7Prendre au sérieux les contraintes auxquels font face les protestataires, les mouvements en apparence ratés et limités – sans, à l’inverse, supposer une continuité entre résistances, textes cachés et mobilisations – c’est ce à quoi s’emploie Frédéric Vairel dans son chapitre sur le déploiement des protestations dans le Maroc contemporain. Reprenant à son compte les réflexions de Michel Dobry sur la question de l’autolimitation protestataire6, Frédéric Vairel ne se pose qu’à la marge la question des conditions de leur surgissement, mais se donne comme programme de recherche l’étude des formes autolimitées de l’action collective. Qu’est-ce que retenir ses coups et craindre le dérapage ? Pourquoi un mouvement ne se produit-il pas ? Loin de survaloriser des grands mouvements (devenus) révolutionnaires, Vairel propose une lecture décapante de nombre de routines de l’analyse de la protestation, dans le monde arabe et ailleurs. Il s’attache à saisir le situationnel, le micro, ce qui ne suppose pas d’inférer des résistances d’hier les protestations d’aujourd’hui. La question de la circulation des travaux de Dobry sur d’autres terrains que les sociétés fortement différenciées ne semble pas être un problème dès lors qu’il s’agit moins de se mettre en quête de « lois de l’histoire » que de « lois dans l’histoire », d’une façon qui sache saisir l’ancrage structurel des logiques de situation.
Notes de bas de page
1 Dobry Michel, « Février 1934 et la découverte de l’“allergie” de la société française à la Révolution fasciste », Revue Française de Sociologie, vol. XXX, no 3-4 (« Sociologie de la Révolution »), juillet-décembre 1989, p. 511-533.

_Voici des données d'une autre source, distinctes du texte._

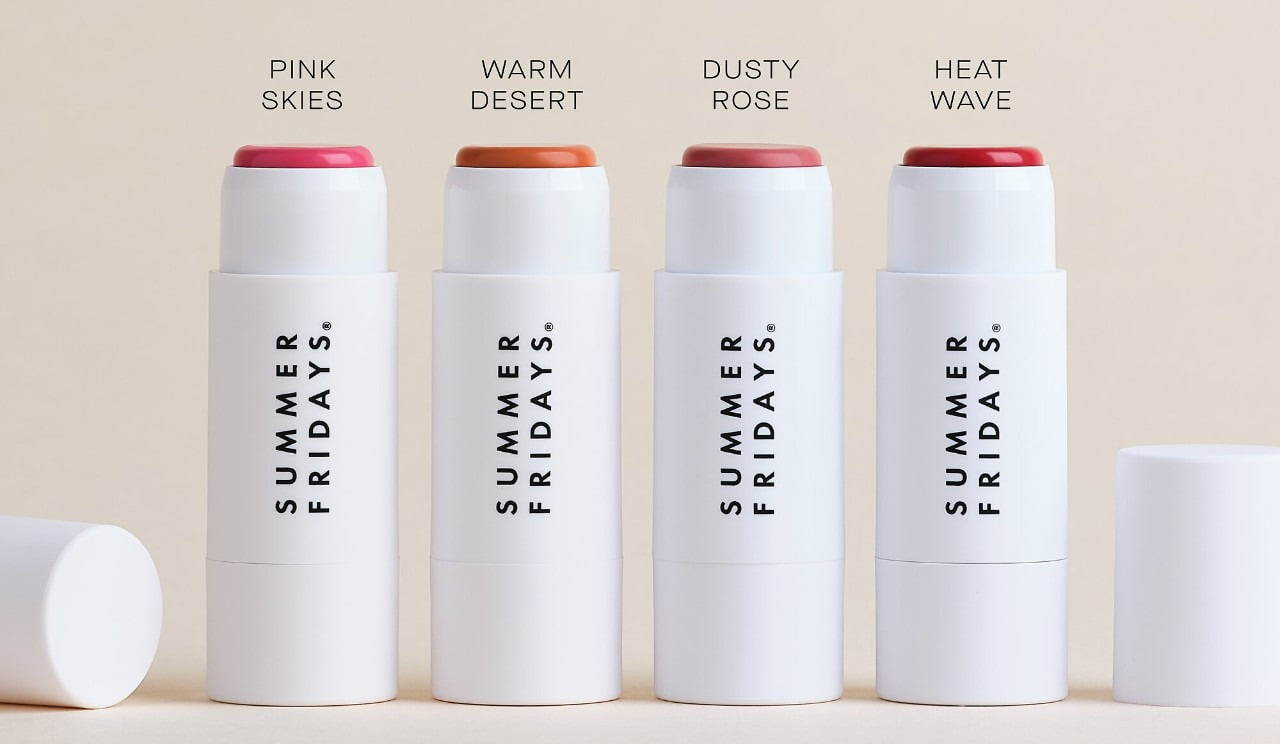 Summer Fridays Blush Balm Lip + Cheek Stick with Hyaluronic Acid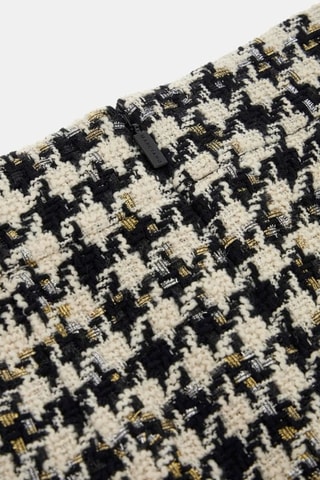 Jupe fourreau en tweed taille haute Secret - Noir - Guess By Marciano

2 Dobry Michel, « Calcul, concurrence et gestion du sens. Quelques réflexions à propos des manifestations étudiantes de novembre-décembre 1986 », in Favre Pierre (dir.), La Manifestation, Paris, Presses de Sciences Po, 1990, p. 357-386.
3 Tackett Timothy, Par la volonté du peuple : comment les députés de 1789 sont devenus révolutionnaires, Paris, Albin Michel, 1997.
4 Ermakoff Ivan, Ruling oneself out : a theory of collective abdications, Durham, Duke University Press, 2008.
5 Mathieu Lilian, L’Espace des mouvements sociaux, Bellecombe-en-Bauges, Le Croquant, 2012.
6 « La fragilité d’un mouvement auto-limité. Un entretien avec Michel Dobry », Politix, no 1, hiver 1988, p. 35-40 et Dobry Michel, « Calcul, concurrence et gestion du sens. Quelques réflexions à propos des manifestations étudiantes de novembre-décembre 1986 », in Favre Pierre (dir.), La Manifestation, Paris, Presses de Sciences Po, 1990, p. 357-386.